_RECORDS FOR THIS TASK_:
####################

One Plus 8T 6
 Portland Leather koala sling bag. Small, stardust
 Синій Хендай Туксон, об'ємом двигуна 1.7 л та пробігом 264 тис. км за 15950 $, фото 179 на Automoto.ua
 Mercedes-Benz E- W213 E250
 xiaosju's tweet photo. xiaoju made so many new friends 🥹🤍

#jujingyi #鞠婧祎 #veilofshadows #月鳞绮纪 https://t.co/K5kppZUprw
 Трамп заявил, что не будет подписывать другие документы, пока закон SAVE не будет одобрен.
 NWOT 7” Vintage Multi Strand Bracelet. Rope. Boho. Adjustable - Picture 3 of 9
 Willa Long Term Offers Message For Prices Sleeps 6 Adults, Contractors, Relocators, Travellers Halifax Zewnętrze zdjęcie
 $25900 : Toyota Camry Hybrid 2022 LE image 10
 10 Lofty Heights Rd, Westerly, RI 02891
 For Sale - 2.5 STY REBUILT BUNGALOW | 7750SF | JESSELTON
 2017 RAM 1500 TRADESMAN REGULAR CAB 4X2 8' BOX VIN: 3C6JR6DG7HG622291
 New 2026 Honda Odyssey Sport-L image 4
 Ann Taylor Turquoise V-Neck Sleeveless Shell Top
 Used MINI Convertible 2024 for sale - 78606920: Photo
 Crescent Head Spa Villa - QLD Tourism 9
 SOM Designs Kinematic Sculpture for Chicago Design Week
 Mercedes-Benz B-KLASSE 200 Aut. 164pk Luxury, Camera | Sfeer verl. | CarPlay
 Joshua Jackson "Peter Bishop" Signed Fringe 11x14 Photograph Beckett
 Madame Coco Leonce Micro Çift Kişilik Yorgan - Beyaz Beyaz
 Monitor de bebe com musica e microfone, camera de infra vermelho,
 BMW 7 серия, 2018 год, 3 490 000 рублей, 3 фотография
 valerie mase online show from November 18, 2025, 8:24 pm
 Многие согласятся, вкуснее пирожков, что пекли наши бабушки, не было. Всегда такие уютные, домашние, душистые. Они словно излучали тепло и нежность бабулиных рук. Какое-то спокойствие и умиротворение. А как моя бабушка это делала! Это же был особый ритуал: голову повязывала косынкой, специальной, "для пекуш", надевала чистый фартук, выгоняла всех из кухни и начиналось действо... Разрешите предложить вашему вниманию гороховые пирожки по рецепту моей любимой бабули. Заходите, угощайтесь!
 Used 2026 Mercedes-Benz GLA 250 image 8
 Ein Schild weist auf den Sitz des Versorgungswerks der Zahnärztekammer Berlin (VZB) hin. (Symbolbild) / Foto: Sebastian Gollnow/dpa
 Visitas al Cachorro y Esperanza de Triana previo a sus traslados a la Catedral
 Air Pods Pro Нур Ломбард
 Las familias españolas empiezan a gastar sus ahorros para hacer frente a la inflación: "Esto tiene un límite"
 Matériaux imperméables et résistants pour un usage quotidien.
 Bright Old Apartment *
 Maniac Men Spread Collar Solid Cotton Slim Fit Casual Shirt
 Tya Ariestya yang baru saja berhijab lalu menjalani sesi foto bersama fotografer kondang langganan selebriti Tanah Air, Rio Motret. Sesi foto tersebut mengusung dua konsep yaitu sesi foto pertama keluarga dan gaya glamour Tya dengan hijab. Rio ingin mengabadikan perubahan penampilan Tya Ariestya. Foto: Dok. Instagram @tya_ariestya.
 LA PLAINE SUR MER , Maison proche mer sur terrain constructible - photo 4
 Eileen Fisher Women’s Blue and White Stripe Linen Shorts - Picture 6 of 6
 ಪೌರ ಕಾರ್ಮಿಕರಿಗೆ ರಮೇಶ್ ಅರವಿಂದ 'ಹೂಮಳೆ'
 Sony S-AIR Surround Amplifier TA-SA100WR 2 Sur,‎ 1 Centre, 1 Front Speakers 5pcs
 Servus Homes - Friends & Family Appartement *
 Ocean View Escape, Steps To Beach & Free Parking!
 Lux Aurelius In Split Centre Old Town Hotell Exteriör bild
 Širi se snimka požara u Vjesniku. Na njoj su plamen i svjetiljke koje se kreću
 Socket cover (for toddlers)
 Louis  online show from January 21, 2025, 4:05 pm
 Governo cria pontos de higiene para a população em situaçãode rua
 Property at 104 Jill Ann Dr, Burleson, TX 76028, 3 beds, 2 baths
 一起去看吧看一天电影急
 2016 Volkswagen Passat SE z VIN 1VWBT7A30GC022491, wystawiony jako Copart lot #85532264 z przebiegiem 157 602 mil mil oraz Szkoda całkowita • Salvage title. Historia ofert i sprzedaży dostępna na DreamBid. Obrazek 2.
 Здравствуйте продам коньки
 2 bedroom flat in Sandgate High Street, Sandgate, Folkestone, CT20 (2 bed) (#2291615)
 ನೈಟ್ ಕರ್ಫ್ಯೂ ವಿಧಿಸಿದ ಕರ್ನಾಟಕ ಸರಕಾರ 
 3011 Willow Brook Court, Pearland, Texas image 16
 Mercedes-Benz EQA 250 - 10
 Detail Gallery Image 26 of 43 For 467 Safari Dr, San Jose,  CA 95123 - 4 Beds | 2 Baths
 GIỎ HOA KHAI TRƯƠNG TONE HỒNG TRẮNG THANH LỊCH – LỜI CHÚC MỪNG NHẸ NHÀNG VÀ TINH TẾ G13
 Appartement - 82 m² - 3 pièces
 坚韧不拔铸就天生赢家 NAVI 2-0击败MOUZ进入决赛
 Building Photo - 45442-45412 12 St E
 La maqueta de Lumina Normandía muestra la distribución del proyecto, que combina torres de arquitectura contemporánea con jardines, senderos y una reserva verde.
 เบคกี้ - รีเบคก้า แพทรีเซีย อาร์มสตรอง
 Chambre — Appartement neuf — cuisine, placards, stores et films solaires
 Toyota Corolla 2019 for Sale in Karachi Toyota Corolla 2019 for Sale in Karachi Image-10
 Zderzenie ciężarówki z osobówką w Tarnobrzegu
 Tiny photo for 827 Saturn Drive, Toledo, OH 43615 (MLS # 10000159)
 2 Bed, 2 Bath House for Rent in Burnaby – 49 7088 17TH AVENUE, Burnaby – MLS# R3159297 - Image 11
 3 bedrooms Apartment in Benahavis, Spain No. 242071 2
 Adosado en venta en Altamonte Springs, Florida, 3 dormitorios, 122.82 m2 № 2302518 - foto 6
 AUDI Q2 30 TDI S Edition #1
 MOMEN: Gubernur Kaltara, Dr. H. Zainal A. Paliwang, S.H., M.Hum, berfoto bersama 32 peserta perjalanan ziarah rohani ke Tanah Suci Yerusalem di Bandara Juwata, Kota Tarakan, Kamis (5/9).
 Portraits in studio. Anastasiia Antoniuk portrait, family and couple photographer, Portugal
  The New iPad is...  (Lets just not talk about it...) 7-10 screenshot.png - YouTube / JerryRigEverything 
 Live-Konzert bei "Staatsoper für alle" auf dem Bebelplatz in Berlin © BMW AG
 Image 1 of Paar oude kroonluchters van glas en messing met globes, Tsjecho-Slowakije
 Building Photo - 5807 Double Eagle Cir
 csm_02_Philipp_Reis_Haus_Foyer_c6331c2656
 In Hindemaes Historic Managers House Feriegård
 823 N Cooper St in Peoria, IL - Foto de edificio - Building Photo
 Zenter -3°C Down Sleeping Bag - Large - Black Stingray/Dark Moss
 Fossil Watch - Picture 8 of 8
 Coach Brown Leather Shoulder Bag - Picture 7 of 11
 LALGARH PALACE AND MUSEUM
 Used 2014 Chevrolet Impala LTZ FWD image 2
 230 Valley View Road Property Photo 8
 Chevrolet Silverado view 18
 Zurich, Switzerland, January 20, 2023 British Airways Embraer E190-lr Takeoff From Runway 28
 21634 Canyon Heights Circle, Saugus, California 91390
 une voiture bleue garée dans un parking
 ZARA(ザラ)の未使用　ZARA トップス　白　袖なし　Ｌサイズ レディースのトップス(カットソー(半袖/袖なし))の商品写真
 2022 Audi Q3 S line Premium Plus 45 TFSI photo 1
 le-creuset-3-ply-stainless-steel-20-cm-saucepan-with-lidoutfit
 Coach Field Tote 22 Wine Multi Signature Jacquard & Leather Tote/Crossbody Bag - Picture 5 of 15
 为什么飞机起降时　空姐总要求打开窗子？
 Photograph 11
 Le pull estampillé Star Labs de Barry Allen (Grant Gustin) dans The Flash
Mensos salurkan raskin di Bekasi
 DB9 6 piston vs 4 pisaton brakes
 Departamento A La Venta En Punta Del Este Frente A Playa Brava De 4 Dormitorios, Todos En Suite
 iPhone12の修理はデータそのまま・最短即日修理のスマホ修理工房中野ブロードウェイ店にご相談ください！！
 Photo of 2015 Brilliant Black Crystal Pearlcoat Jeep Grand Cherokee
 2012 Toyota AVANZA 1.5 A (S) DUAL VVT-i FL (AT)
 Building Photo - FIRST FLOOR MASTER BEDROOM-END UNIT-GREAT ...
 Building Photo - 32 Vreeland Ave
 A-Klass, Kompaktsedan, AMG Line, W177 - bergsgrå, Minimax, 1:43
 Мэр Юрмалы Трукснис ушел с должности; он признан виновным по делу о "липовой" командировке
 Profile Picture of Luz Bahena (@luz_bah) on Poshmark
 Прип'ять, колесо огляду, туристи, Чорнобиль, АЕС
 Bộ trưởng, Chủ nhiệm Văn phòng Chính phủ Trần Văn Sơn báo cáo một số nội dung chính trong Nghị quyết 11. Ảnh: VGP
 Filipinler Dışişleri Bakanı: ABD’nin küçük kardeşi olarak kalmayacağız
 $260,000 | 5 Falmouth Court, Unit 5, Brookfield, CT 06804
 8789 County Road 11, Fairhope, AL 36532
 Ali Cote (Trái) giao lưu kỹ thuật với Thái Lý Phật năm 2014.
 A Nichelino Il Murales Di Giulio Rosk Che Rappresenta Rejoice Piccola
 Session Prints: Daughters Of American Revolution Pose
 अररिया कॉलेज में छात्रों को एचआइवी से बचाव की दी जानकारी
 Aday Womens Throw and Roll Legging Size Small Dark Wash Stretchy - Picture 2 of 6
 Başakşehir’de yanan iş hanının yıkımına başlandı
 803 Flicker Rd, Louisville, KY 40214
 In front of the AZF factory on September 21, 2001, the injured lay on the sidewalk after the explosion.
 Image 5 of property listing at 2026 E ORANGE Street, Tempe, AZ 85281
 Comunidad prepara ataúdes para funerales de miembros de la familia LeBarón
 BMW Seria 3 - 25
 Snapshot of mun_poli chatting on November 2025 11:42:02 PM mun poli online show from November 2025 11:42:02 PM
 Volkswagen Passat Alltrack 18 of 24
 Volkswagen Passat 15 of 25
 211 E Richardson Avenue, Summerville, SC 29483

####################

_TASK ITEM_: Working from the material above, tally how many lines hold the string "Building". The number is all that is needed.

_WRITTEN ANSWER_: 5